| What to produce |
Please repeat exactly, and only, the lines from the one containing "#RM #정국 #예준" through the end of the records below, with no pictures.

| Provided material |

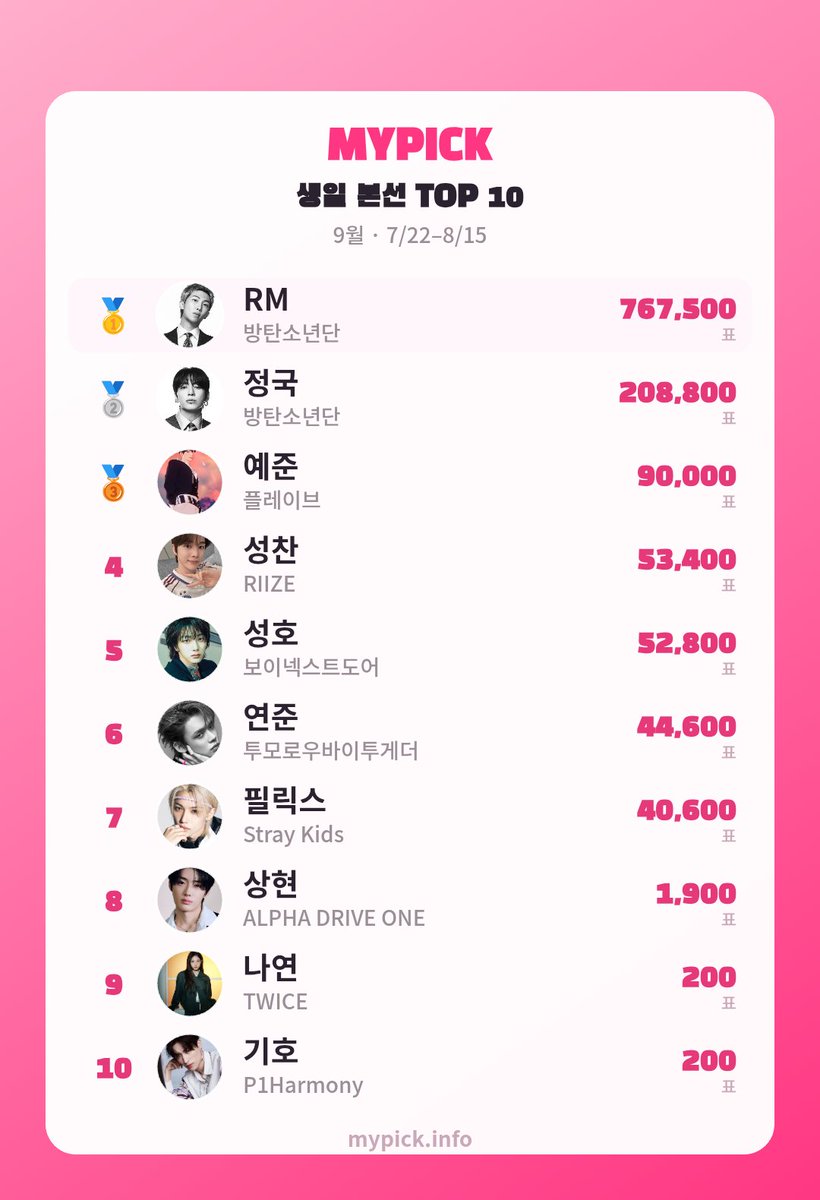 mypick2026's tweet photo. 💞마이픽 9월 생일 투표💥8월 15일까지 진행!
💗현재 투표 1위 RM(BTS)

💝2위 정국 (BTS) 3위 예준(PLAVE) 4위 성찬 (RIIZE)
5위 성호 (BOYNEXTDOOR)

이대로면 용산 아이파크몰의 주인공은 RM! 

 #RM #정국 #예준 #성찬 #성호 #연준 #필릭스 #상현 #나연 #기호 #BTS #PLAVE #RIIZE #BOYNEXTDOOR #STRAYKIDS #TWICE #ALPHADRIVEONE #P1Harmony #RT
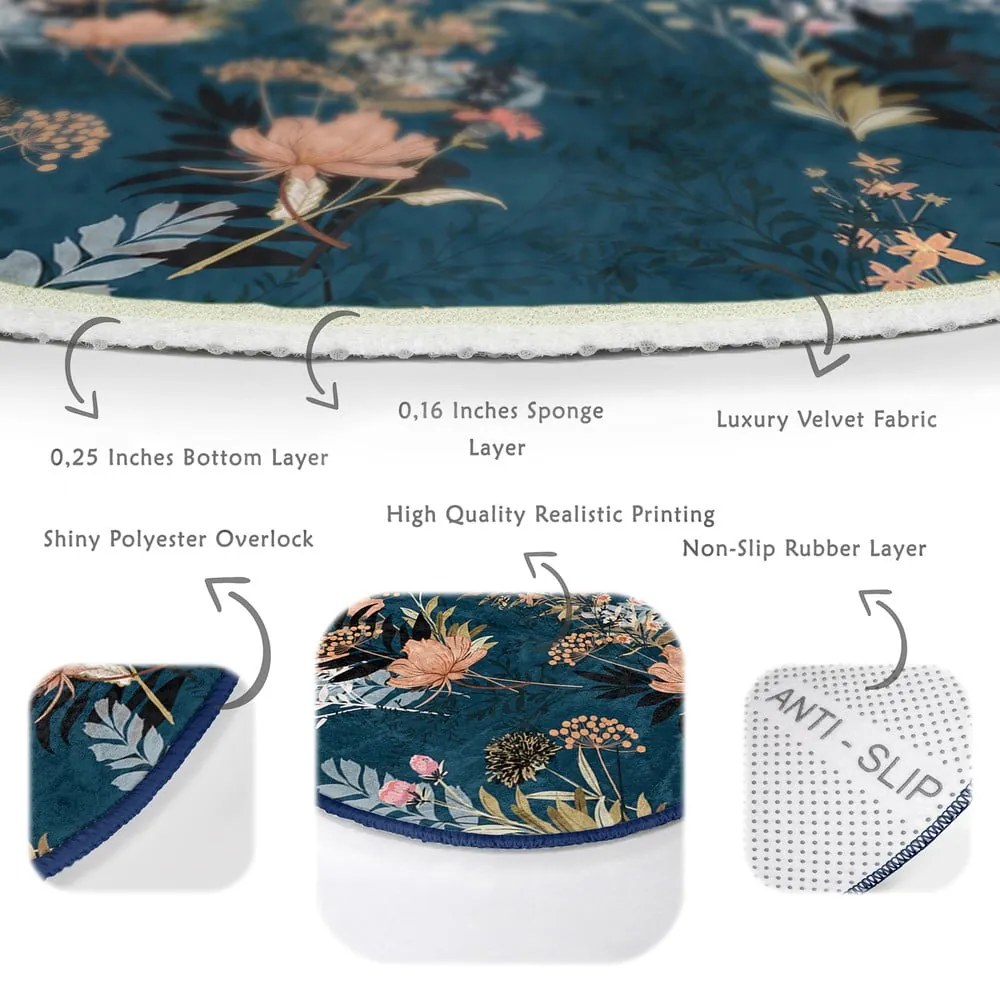 Tmavomodrý prateľný okrúhly koberec vhodný pre robotické vysávače ø 80 cm Comfort – Mila Home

| Output below |
 #RM #정국 #예준 #성찬 #성호 #연준 #필릭스 #상현 #나연 #기호 #BTS #PLAVE #RIIZE #BOYNEXTDOOR #STRAYKIDS #TWICE #ALPHADRIVEONE #P1Harmony #RT
 Tmavomodrý prateľný okrúhly koberec vhodný pre robotické vysávače ø 80 cm Comfort – Mila Home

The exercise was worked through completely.